Paweł Kukiz przedstawił skład swoich list.
Paweł Kukiz przedstawił skład swoich list. Screen z Facebook.com/KukizPrezydent
Reklama.
Wokół list wyborczych komitetu wyborczego Kukiz'15 zrobiło się głośno, kiedy okazało się, że wystartuje z nich raper Liroy, który będzie walczył o mandat w Kielcach. Okazuje się, że nie tylko raper jest zaskoczeniem. Kukiz poinformował, że o miejsce w poselskich ławach powalczą jeszcze m.in. narodowcy, choć wcześniej los tej koalicji zdawał się wisieć na włosku. Poinformował o tym również Krzysztof Bosak, jedna z najwyrazistszych postaci ruchu. Obok niego, "jedynką" Kukiza został również Robert Winnicki, przewodniczący narodowców.
Kukizowi udało się też zaprosić do współpracy Kornela Morawieckiego, opozycjonistę i byłego przewodniczącego Solidarności Walczącej - będzie przewodził wrocławskiej liście ruchu Kukiza. – To postać czysta i światła. (...)To dobry duch całej naszej inicjatywy – zachwala Kukiz.
Wśród zaskakujących nominacji można wymienić kandydaturę Marka Jakubiaka, znanego z konserwatywnego światopoglądu przedsiębiorcy i właściciela browaru Ciechan. Jakubiak z powodu niewyparzonego języka jest posądzany o homofobię. Wystartuje z Płocka, gdzie znalazł się na czele listy komitetu Kukiza'15.
Sporo emocji może też budzić "jedynka" dla Adama Andruszkiewicza, prezesa Młodzieży Wszechpolskiej - on z kolei został "jedynką" w Białymstoku. – 75 proc. wymienionych osób posiada wykształcenie wyższe, bądź jeszcze wyższe - tytuły doktorskie i profesorskie – tłumaczył wyraźnie zadowolony muzyk.

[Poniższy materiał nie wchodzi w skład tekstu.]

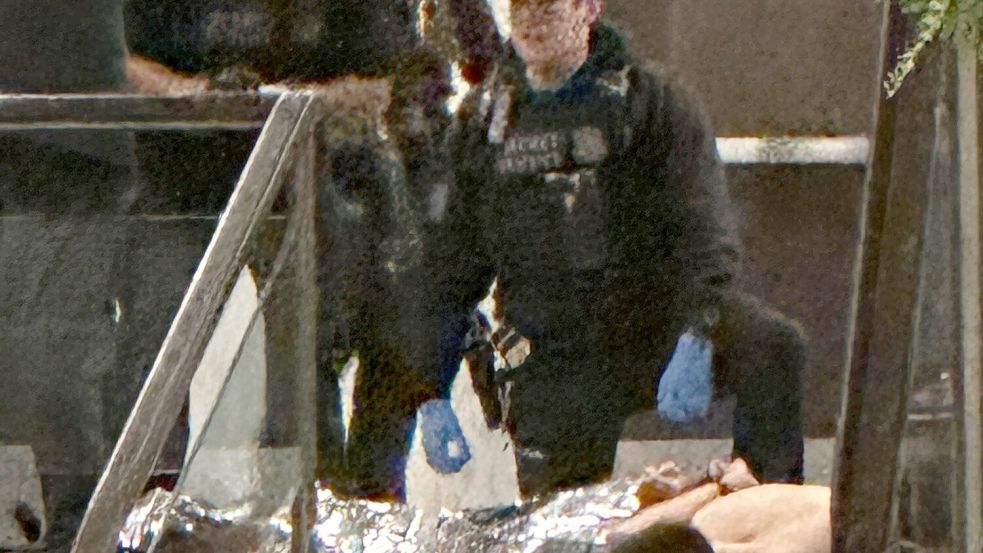 Ein Bewaffneter hat das White House Correspondents‘ Dinner gestört. Er wurde in Gewahrsam genommen. Foto: Alex Brandon/AP/dpa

Komentarze internautów już tak entuzjastyczne jednak nie są. Kukiz zapowiedział, że w najbliższym czasie poinformuje, czym zajmują się członkowie jego komitetu, ale niektórzy zdążyli już sobie wyrobić na ten temat zdanie. "Paweł! Jedynka w Gdańsku to jakaś totalna pomyłka! Jestem załamany wyborem! Największa glizda z możliwych! Paweł zastanów się kogo masz przy sobie, bo podpowiedz dostałeś tragiczną", "Postępowa ludzkość z ulgą przyjęła kandydaturę artysty Liroya. Od Palikota do Kukiza. Nie ważne komu d**y dać, byle z tego kasiora była", "Paweł, zdradziłeś nas. na listy Kolibra nikt nie będzie pracował" - tak pisali ci, którzy nie są zadowoleni z wyboru Kukiza.